Üsküdar’ım ve bir attar (aktar) dükkânı…
Öyle aralarda uğrar oldum ki buraya, her keresinde bu sözcüklerle başlamak üzücü. Oysa başlarken bir dolu vaatler vermiştim blogcuğuma ve kendime de söz… Olduramadım. Bugün dedim bir köşede bekliyor beni, sessiz sedasız… Gidip gönlünü alayım ve buradayım.
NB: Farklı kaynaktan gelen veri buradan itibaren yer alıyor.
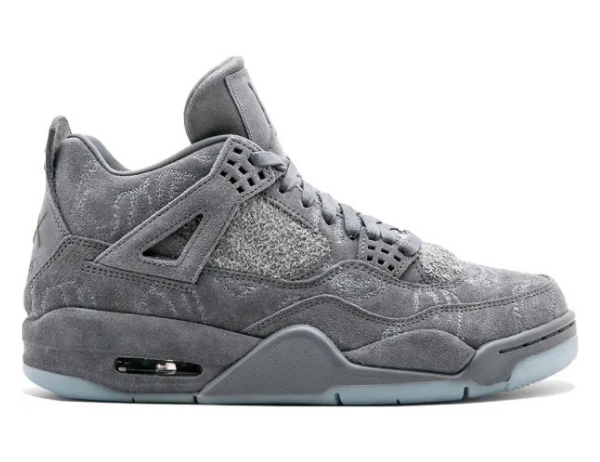 Jordan x Kaws Air Jordan 4 Retro sneakers
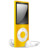 iPod Nano yellow off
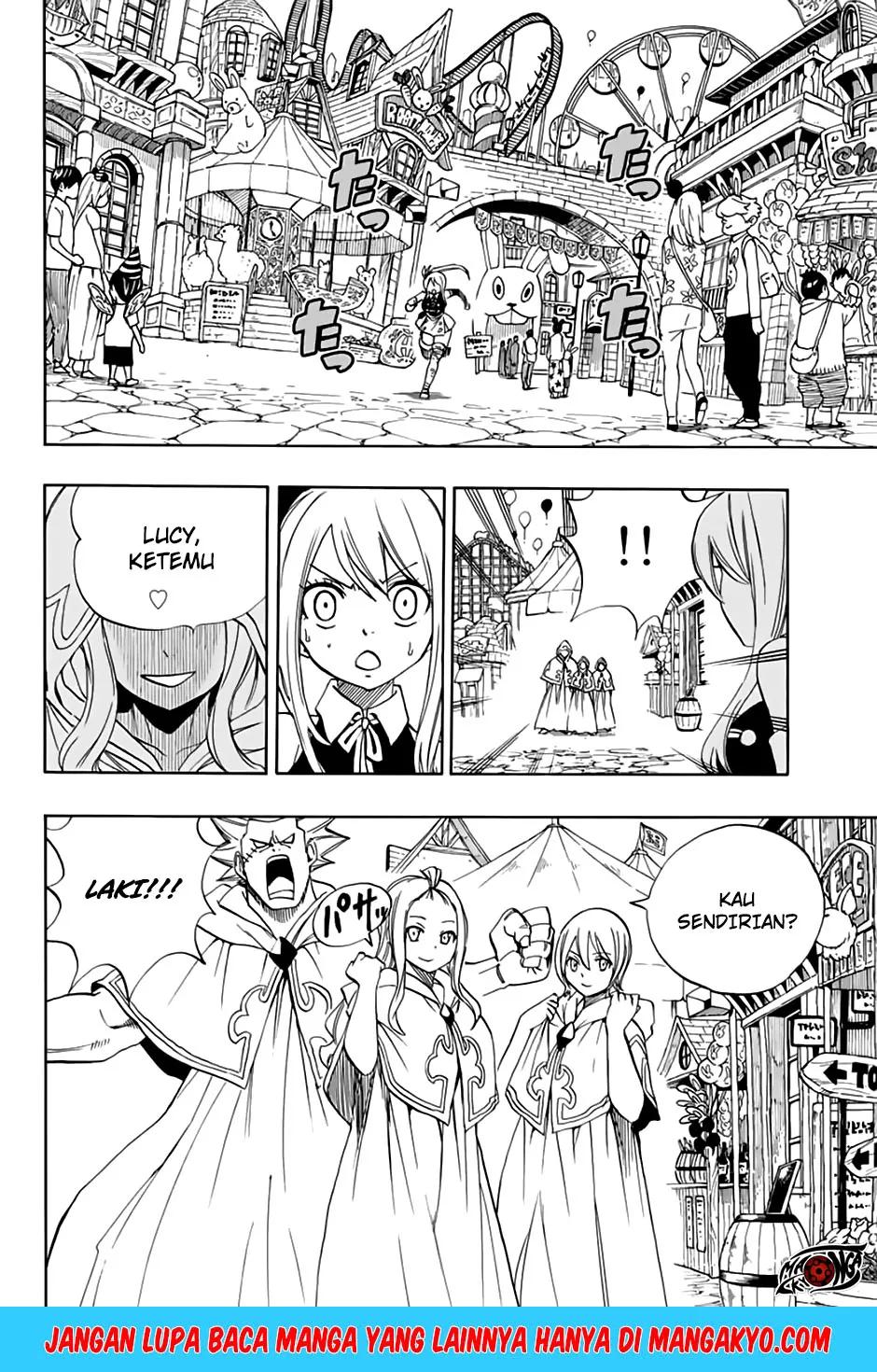 Fairy Tail: 100 Years Quest Bab 30 halaman 15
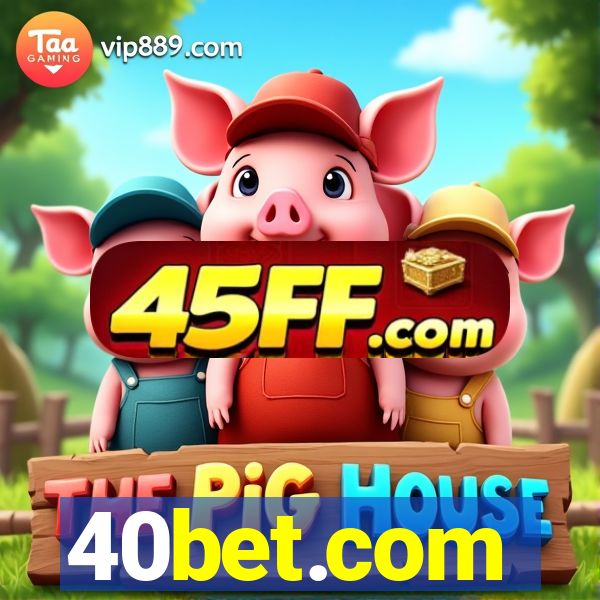 40bet.com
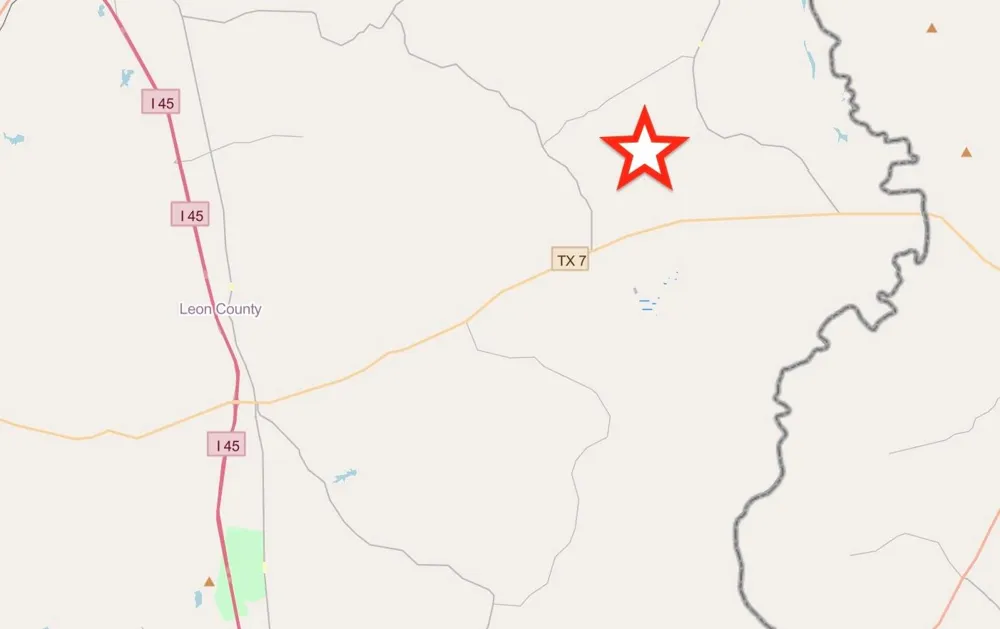 County Road 231 Centerville, TX 75833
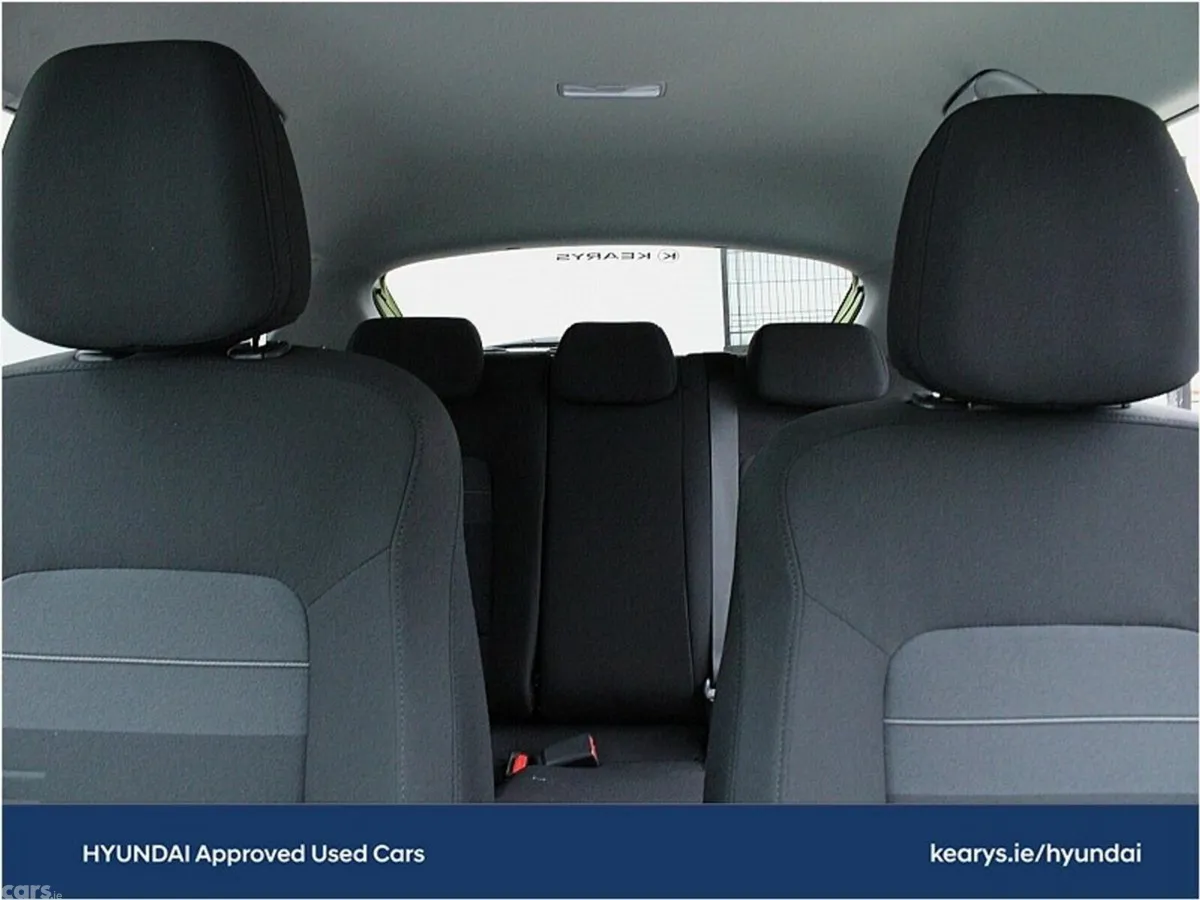 Hyundai Bayon Hatchback, Petrol, 2027, Yellow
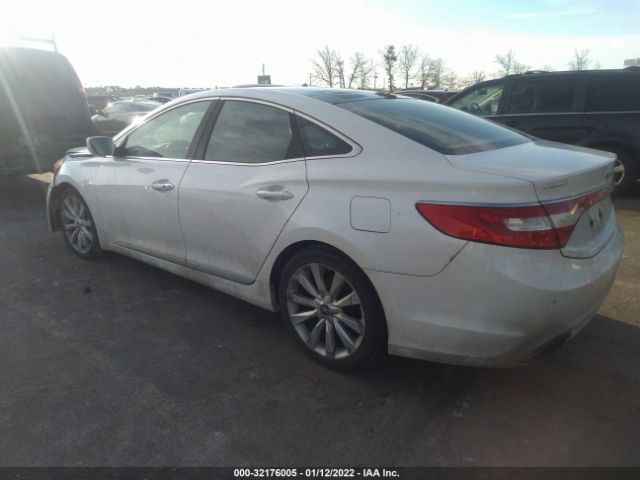 Photo 2 VIN: KMHFH4JG1CA162266 - HYUNDAI AZERA 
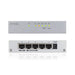 Zyxel GS-105B - V3 - switch - unmanaged - 5 x 10/100/1000 - desktop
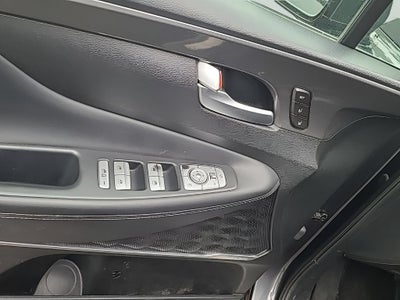 2021 Hyundai Santa Fe Calligraphy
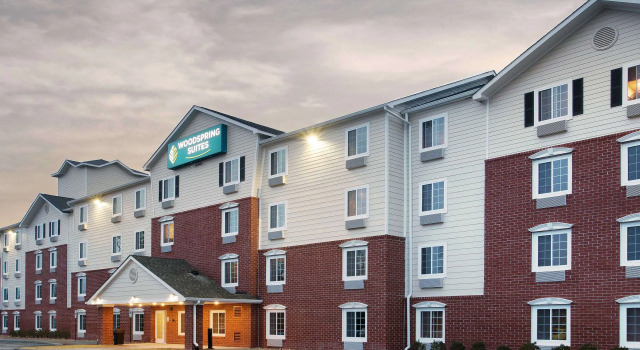 WoodSpring Suites Virginia Beach, Réserver Hôtel Virginia Beach Virginie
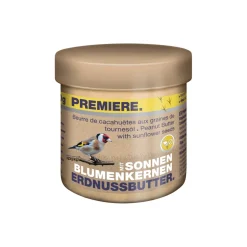 PREMIERE Beurre de cacahouètes aux graines de tournesol 250 g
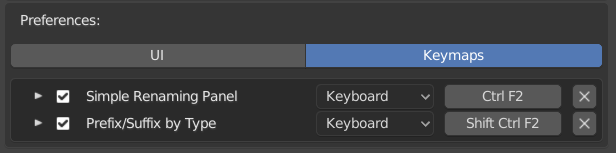 Simple Renaming Panel - Released Scripts and Themes - Blender Artists ...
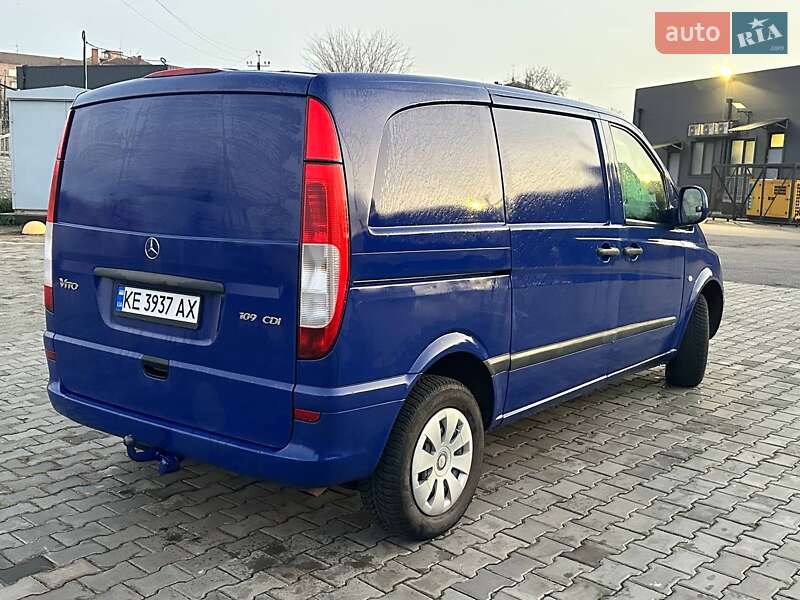 Другие грузовики Mercedes-Benz Vito 2005 в Кривом Роге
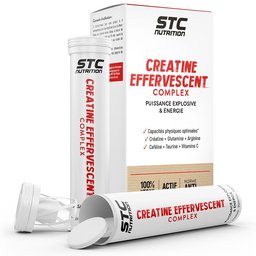 STC Nutrition Creatine Effervescent Complex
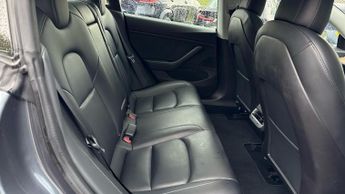 Tesla Model 3 Performance AWD 4dr (Performance Upgrade) Auto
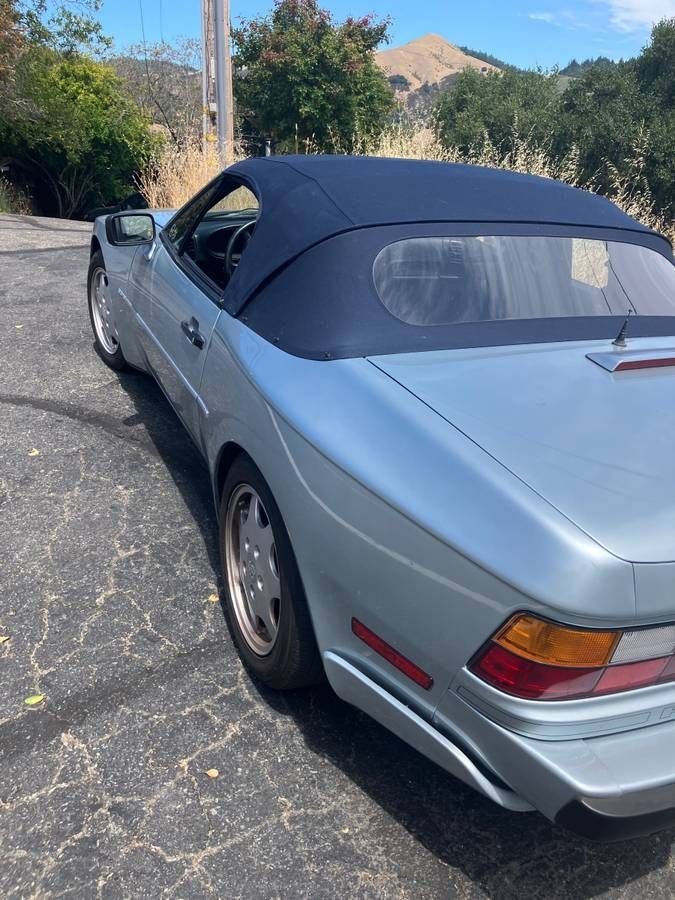 1990 Porsche 944, foto 4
Benim için kullandığım, dünyadaki her şeyin ne olursa olsun bir değeri var ve onların hepsi “var”… Bu bir toz zerresi dahi olsa. Bloğum da öyle ve o da “var” benim için. Kabul edişim budur. Bilimde “olasılık” diye bir söz varsa, ben de bunu kullanma hakkımı bu şekilde dillendiriyorum. Bilim insanı olmadığımdan detaylarla ilgilenmem, benim için bu. 😉
Ne zamandır almak istediğim bir kitap vardı, son online siparişlerime ekledim. Gecenin bir saati verdim, Amazon müthiş… Öğlene doğru elimdeydi ve hemen okumaya başladım. Kitabın adı “Üsküdar’da Bir Attar Dükkânı”. Benim için önemli çünkü Üsküdar’da doğdum, büyüdüm… Doğduğum, çocukluğum, doyduğum yerim… Köyüm benim. Millet memleketine gider hasret giderir, benim hasret giderme yerim Üsküdar’ım. Gülfem Camisi, Gülfem Yokuşu, Hakimiyeti Milliye Caddesi, Doğancılar, Ayazma, Salacak, Şemsipaşa Camisi ve kütüphanesi, Kız Kule’m ve cümlesi… Derim ya ben Beşiktaş’tan Üsküdar’a motorla gelirken, motorun en önünde kolları açık İstanbul’u, Üsküdar’ı kucaklayan birini görürseniz o benimdir… Öylesi.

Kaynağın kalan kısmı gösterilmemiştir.